───── Records for processing ─────

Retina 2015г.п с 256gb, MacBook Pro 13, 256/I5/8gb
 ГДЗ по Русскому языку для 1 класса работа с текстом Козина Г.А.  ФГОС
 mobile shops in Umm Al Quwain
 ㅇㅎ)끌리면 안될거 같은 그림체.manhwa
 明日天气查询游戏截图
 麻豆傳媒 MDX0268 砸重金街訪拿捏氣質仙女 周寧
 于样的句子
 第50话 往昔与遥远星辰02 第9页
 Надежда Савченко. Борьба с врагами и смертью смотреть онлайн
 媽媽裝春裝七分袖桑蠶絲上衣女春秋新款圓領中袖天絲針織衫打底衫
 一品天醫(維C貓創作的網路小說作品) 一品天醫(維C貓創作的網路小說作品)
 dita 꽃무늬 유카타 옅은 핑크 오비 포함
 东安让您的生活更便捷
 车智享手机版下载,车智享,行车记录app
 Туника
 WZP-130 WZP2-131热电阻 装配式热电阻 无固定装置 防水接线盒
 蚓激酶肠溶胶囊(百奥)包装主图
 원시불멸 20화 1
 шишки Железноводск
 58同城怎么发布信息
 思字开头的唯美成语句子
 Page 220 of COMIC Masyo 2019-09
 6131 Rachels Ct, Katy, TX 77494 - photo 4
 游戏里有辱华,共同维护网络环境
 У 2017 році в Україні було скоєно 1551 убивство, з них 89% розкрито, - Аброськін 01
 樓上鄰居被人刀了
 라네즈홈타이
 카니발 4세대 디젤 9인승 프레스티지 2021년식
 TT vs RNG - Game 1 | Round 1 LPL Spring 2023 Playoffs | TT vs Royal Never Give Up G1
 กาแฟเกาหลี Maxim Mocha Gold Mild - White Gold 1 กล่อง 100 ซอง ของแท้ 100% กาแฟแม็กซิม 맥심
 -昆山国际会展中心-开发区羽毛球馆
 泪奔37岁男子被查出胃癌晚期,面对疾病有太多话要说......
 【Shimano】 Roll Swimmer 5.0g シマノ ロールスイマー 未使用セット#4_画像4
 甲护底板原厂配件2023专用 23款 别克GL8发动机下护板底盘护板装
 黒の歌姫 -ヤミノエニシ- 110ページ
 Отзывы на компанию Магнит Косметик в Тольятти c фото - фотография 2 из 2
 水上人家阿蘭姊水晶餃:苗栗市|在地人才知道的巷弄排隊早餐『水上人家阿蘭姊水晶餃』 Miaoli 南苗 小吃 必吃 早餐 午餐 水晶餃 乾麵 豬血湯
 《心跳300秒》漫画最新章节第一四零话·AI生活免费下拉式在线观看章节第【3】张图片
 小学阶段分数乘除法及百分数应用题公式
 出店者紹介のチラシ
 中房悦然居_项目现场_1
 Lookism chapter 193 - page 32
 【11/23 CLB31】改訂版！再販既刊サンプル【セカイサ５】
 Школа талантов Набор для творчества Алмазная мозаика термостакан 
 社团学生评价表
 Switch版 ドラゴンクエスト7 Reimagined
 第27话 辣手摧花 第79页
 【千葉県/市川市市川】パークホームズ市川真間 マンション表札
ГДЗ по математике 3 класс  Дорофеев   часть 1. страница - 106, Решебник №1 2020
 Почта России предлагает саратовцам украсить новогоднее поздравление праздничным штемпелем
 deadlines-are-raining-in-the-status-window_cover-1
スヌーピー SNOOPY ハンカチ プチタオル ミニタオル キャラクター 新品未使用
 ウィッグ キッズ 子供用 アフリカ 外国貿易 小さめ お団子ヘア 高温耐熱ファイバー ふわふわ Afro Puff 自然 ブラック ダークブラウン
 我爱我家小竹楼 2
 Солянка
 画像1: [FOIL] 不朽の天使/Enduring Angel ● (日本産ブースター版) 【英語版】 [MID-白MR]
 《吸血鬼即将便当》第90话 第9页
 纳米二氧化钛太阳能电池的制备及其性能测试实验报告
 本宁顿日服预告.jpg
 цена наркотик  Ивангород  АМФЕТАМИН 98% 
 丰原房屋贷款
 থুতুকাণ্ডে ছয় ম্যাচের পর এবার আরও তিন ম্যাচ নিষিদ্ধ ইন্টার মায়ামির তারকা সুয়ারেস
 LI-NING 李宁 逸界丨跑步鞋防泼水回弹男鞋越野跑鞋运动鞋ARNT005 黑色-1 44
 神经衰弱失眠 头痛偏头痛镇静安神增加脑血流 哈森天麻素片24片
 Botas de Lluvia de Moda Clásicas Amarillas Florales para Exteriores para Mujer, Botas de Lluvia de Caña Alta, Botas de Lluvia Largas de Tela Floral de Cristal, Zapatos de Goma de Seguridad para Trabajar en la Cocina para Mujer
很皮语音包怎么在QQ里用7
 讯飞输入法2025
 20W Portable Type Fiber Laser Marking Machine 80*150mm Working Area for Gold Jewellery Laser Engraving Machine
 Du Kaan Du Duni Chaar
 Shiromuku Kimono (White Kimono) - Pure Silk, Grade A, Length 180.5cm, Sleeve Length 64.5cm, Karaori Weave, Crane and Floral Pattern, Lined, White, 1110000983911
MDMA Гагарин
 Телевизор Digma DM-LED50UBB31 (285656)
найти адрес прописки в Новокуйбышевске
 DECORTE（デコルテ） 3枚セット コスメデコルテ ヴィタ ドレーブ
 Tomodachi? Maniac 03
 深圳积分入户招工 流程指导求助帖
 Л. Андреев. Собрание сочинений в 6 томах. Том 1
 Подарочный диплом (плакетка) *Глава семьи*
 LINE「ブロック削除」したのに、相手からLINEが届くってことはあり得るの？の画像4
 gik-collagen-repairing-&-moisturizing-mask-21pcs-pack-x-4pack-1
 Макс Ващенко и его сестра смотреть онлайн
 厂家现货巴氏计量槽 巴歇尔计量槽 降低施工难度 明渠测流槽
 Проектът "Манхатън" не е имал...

─────

• Instructions for the task:
Write out each line of the data above again, exactly as given.

• Completed exercise:
Retina 2015г.п с 256gb, MacBook Pro 13, 256/I5/8gb
 ГДЗ по Русскому языку для 1 класса работа с текстом Козина Г.А.  ФГОС
 mobile shops in Umm Al Quwain
 ㅇㅎ)끌리면 안될거 같은 그림체.manhwa
 明日天气查询游戏截图
 麻豆傳媒 MDX0268 砸重金街訪拿捏氣質仙女 周寧
 于样的句子
 第50话 往昔与遥远星辰02 第9页
 Надежда Савченко. Борьба с врагами и смертью смотреть онлайн
 媽媽裝春裝七分袖桑蠶絲上衣女春秋新款圓領中袖天絲針織衫打底衫
 一品天醫(維C貓創作的網路小說作品) 一品天醫(維C貓創作的網路小說作品)
 dita 꽃무늬 유카타 옅은 핑크 오비 포함
 东安让您的生活更便捷
 车智享手机版下载,车智享,行车记录app
 Туника
 WZP-130 WZP2-131热电阻 装配式热电阻 无固定装置 防水接线盒
 蚓激酶肠溶胶囊(百奥)包装主图
 원시불멸 20화 1
 шишки Железноводск
 58同城怎么发布信息
 思字开头的唯美成语句子
 Page 220 of COMIC Masyo 2019-09
 6131 Rachels Ct, Katy, TX 77494 - photo 4
 游戏里有辱华,共同维护网络环境
 У 2017 році в Україні було скоєно 1551 убивство, з них 89% розкрито, - Аброськін 01
 樓上鄰居被人刀了
 라네즈홈타이
 카니발 4세대 디젤 9인승 프레스티지 2021년식
 TT vs RNG - Game 1 | Round 1 LPL Spring 2023 Playoffs | TT vs Royal Never Give Up G1
 กาแฟเกาหลี Maxim Mocha Gold Mild - White Gold 1 กล่อง 100 ซอง ของแท้ 100% กาแฟแม็กซิม 맥심
 -昆山国际会展中心-开发区羽毛球馆
 泪奔37岁男子被查出胃癌晚期,面对疾病有太多话要说......
 【Shimano】 Roll Swimmer 5.0g シマノ ロールスイマー 未使用セット#4_画像4
 甲护底板原厂配件2023专用 23款 别克GL8发动机下护板底盘护板装
 黒の歌姫 -ヤミノエニシ- 110ページ
 Отзывы на компанию Магнит Косметик в Тольятти c фото - фотография 2 из 2
 水上人家阿蘭姊水晶餃:苗栗市|在地人才知道的巷弄排隊早餐『水上人家阿蘭姊水晶餃』 Miaoli 南苗 小吃 必吃 早餐 午餐 水晶餃 乾麵 豬血湯
 《心跳300秒》漫画最新章节第一四零话·AI生活免费下拉式在线观看章节第【3】张图片
 小学阶段分数乘除法及百分数应用题公式
 出店者紹介のチラシ
 中房悦然居_项目现场_1
 Lookism chapter 193 - page 32
 【11/23 CLB31】改訂版！再販既刊サンプル【セカイサ５】
 Школа талантов Набор для творчества Алмазная мозаика термостакан 
 社团学生评价表
 Switch版 ドラゴンクエスト7 Reimagined
 第27话 辣手摧花 第79页
 【千葉県/市川市市川】パークホームズ市川真間 マンション表札
ГДЗ по математике 3 класс  Дорофеев   часть 1. страница - 106, Решебник №1 2020
 Почта России предлагает саратовцам украсить новогоднее поздравление праздничным штемпелем
 deadlines-are-raining-in-the-status-window_cover-1
スヌーピー SNOOPY ハンカチ プチタオル ミニタオル キャラクター 新品未使用
 ウィッグ キッズ 子供用 アフリカ 外国貿易 小さめ お団子ヘア 高温耐熱ファイバー ふわふわ Afro Puff 自然 ブラック ダークブラウン
 我爱我家小竹楼 2
 Солянка
 画像1: [FOIL] 不朽の天使/Enduring Angel ● (日本産ブースター版) 【英語版】 [MID-白MR]
 《吸血鬼即将便当》第90话 第9页
 纳米二氧化钛太阳能电池的制备及其性能测试实验报告
 本宁顿日服预告.jpg
 цена наркотик  Ивангород  АМФЕТАМИН 98% 
 丰原房屋贷款
 থুতুকাণ্ডে ছয় ম্যাচের পর এবার আরও তিন ম্যাচ নিষিদ্ধ ইন্টার মায়ামির তারকা সুয়ারেস
 LI-NING 李宁 逸界丨跑步鞋防泼水回弹男鞋越野跑鞋运动鞋ARNT005 黑色-1 44
 神经衰弱失眠 头痛偏头痛镇静安神增加脑血流 哈森天麻素片24片
 Botas de Lluvia de Moda Clásicas Amarillas Florales para Exteriores para Mujer, Botas de Lluvia de Caña Alta, Botas de Lluvia Largas de Tela Floral de Cristal, Zapatos de Goma de Seguridad para Trabajar en la Cocina para Mujer
很皮语音包怎么在QQ里用7
 讯飞输入法2025
 20W Portable Type Fiber Laser Marking Machine 80*150mm Working Area for Gold Jewellery Laser Engraving Machine
 Du Kaan Du Duni Chaar
 Shiromuku Kimono (White Kimono) - Pure Silk, Grade A, Length 180.5cm, Sleeve Length 64.5cm, Karaori Weave, Crane and Floral Pattern, Lined, White, 1110000983911
MDMA Гагарин
 Телевизор Digma DM-LED50UBB31 (285656)
найти адрес прописки в Новокуйбышевске
 DECORTE（デコルテ） 3枚セット コスメデコルテ ヴィタ ドレーブ
 Tomodachi? Maniac 03
 深圳积分入户招工 流程指导求助帖
 Л. Андреев. Собрание сочинений в 6 томах. Том 1
 Подарочный диплом (плакетка) *Глава семьи*
 LINE「ブロック削除」したのに、相手からLINEが届くってことはあり得るの？の画像4
 gik-collagen-repairing-&-moisturizing-mask-21pcs-pack-x-4pack-1
 Макс Ващенко и его сестра смотреть онлайн
 厂家现货巴氏计量槽 巴歇尔计量槽 降低施工难度 明渠测流槽
 Проектът "Манхатън" не е имал...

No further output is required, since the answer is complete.